What is expected.
Would you return exactly the lines below from the line with "2026世界杯盘口注册最佳" through the line with "Matelas à ressorts", both included, and nothing else, leaving out the pictures?

-.-.-

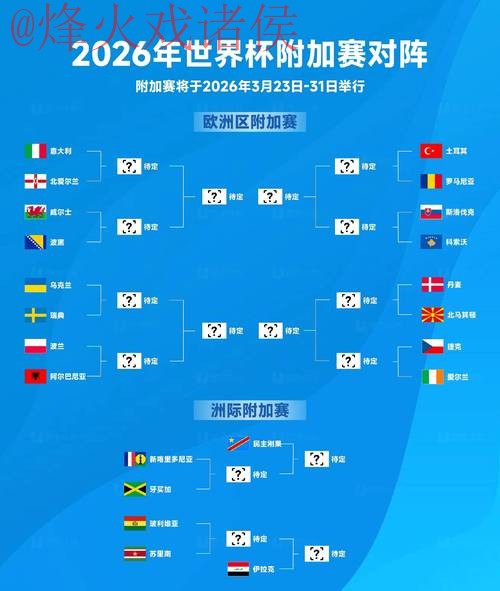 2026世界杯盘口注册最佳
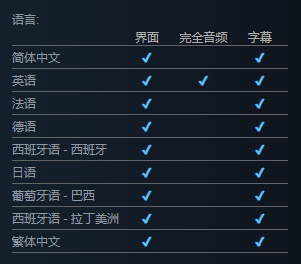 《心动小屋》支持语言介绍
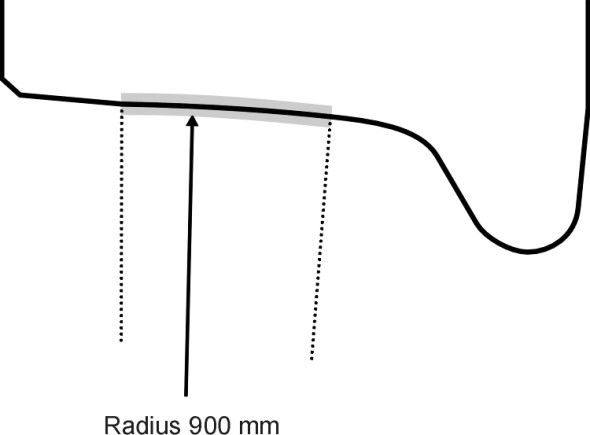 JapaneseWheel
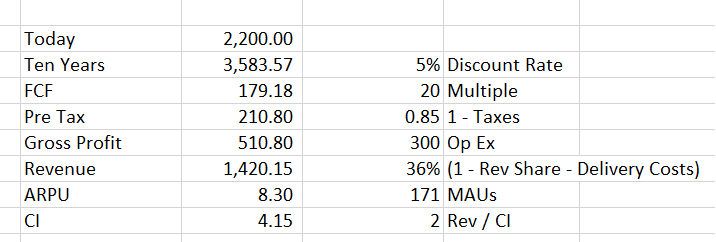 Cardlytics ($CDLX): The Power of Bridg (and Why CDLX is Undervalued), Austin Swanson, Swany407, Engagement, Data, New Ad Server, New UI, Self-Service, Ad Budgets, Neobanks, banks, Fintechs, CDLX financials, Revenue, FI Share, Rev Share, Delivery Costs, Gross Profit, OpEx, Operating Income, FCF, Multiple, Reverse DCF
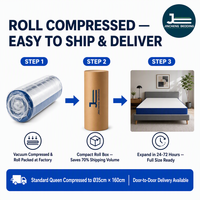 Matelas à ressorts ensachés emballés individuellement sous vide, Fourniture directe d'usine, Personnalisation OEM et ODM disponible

-.-.-

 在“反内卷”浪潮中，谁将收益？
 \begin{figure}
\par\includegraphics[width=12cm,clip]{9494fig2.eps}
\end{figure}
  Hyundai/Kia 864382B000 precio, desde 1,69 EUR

-.-.-

Answer box.
 2026世界杯盘口注册最佳
 《心动小屋》支持语言介绍
 JapaneseWheel
 Cardlytics ($CDLX): The Power of Bridg (and Why CDLX is Undervalued), Austin Swanson, Swany407, Engagement, Data, New Ad Server, New UI, Self-Service, Ad Budgets, Neobanks, banks, Fintechs, CDLX financials, Revenue, FI Share, Rev Share, Delivery Costs, Gross Profit, OpEx, Operating Income, FCF, Multiple, Reverse DCF
 Matelas à ressorts ensachés emballés individuellement sous vide, Fourniture directe d'usine, Personnalisation OEM et ODM disponible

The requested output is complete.